In Squid Game a bunch of obscenely rich psychopaths make poor people play in a competition for money, where they play different rounds of children’s games. And if you lose, they kill you. Squid Game reminded me of The Hunger Games in that it consists of rich people forcing poor people to kill each other for sport.

However, Squid Game is a lot more realistic, and it takes place in the modern day with modern people. It’s a twisted take on capitalism, but at the same time it’s more than that. It’s a critique on the very idea of money and monetary value itself. Consistently throughout the show, people form and then ruin relationships over the idea of money. People will betray their loved ones, and hurt other people at the prospect of getting a large sum of money.

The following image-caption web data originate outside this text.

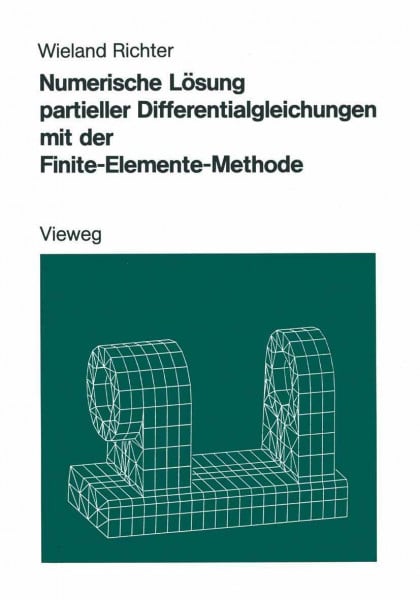 Numerische Lösung partieller Differentialgleichungen mit der Finite-Elemente-Methode: Hrsg. v. Gisela Engeln-Müllges
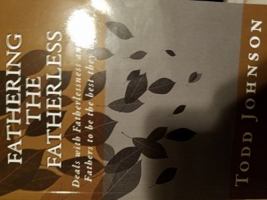 Fathering the Fatherless: Deals with Fatherlessness and Helps Fathers to Be the Best They Can Be 0692075208 Book Cover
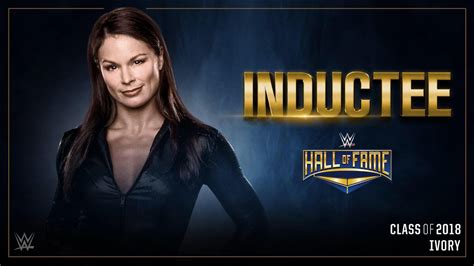 Ivory Responds To Wwe Hall Of Fame Induction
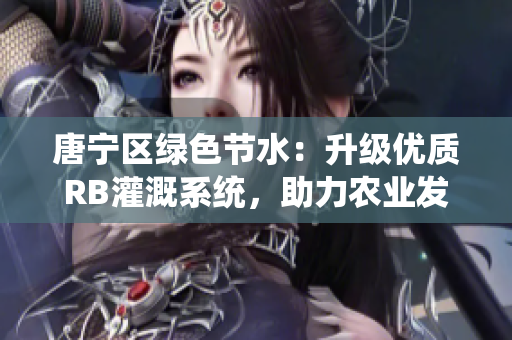 唐寧區(qū)綠色節(jié)水：升級優(yōu)質(zhì)RB灌溉系統(tǒng)，助力農(nóng)業(yè)發(fā)展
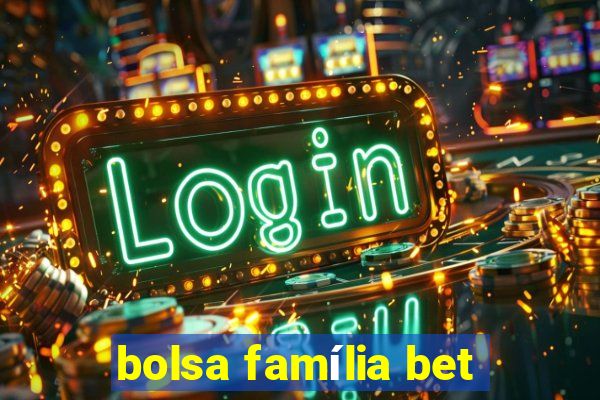 bolsa família bet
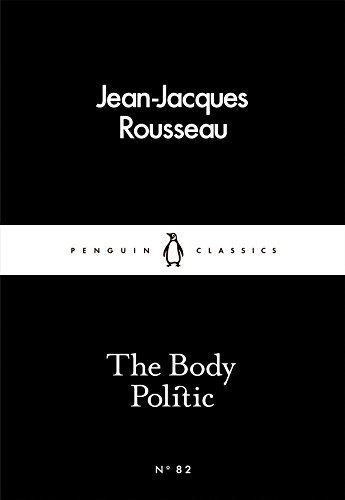 The Body Politic (Penguin Little Black Classics) - Rousseau, Jean-Jacques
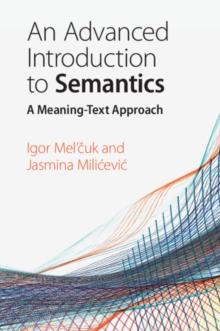 An Advanced Introduction to Semantics : A Meaning-Text Approach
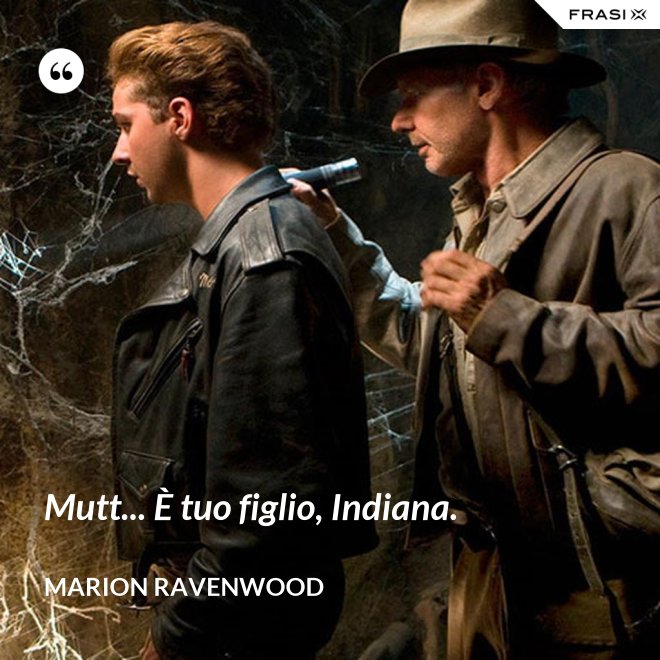 Mutt... È tuo figlio, Indiana. - Marion Ravenwood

Throughout Squid Game you can see the psychological struggles of the various players as they progress further and further into the game. At some point the idea of death normalizes for them, which shows even deeper underlying issues within their psyche. The show does an excellent job at pointing out the mental decline of several characters as well as the moral issues they have to face. The show points out a central struggle of modern life: that money can’t buy happiness, but our society gives people the illusion that it can. This leads to people living flawed, hopeless lives where they do nothing but search for monetary stability that they can never find because they haven’t stopped to look at the relationships in their own life and how their desire for wealth is affecting them.

The most appealing part of the show is the ridiculous children’s games the players must compete in for the money. People have posted Red Light Green Light, the first game they play, all over TikTok and the rest of the internet. They go on to do more simple games like guessing games or playing with marbles, but each time the stakes just get higher and more intense. The psychological torment the players go through after playing life or death games from their childhood is very apparent. It allows you to feel for them more than you normally would for a character in a show.

Squid Game is so violently realistic when it comes to how the people act that it makes it very difficult to watch at times. There’s considerable gore throughout all parts of the series, multiple suicides on screen, and heart-wrenching scenes where players are forced to murder people they care about. If you want to watch one of the best, most intense, shows you have seen in a while, watch Squid Game, you won’t be disappointed. Just be sure to stop moving when someone says “Red Light.”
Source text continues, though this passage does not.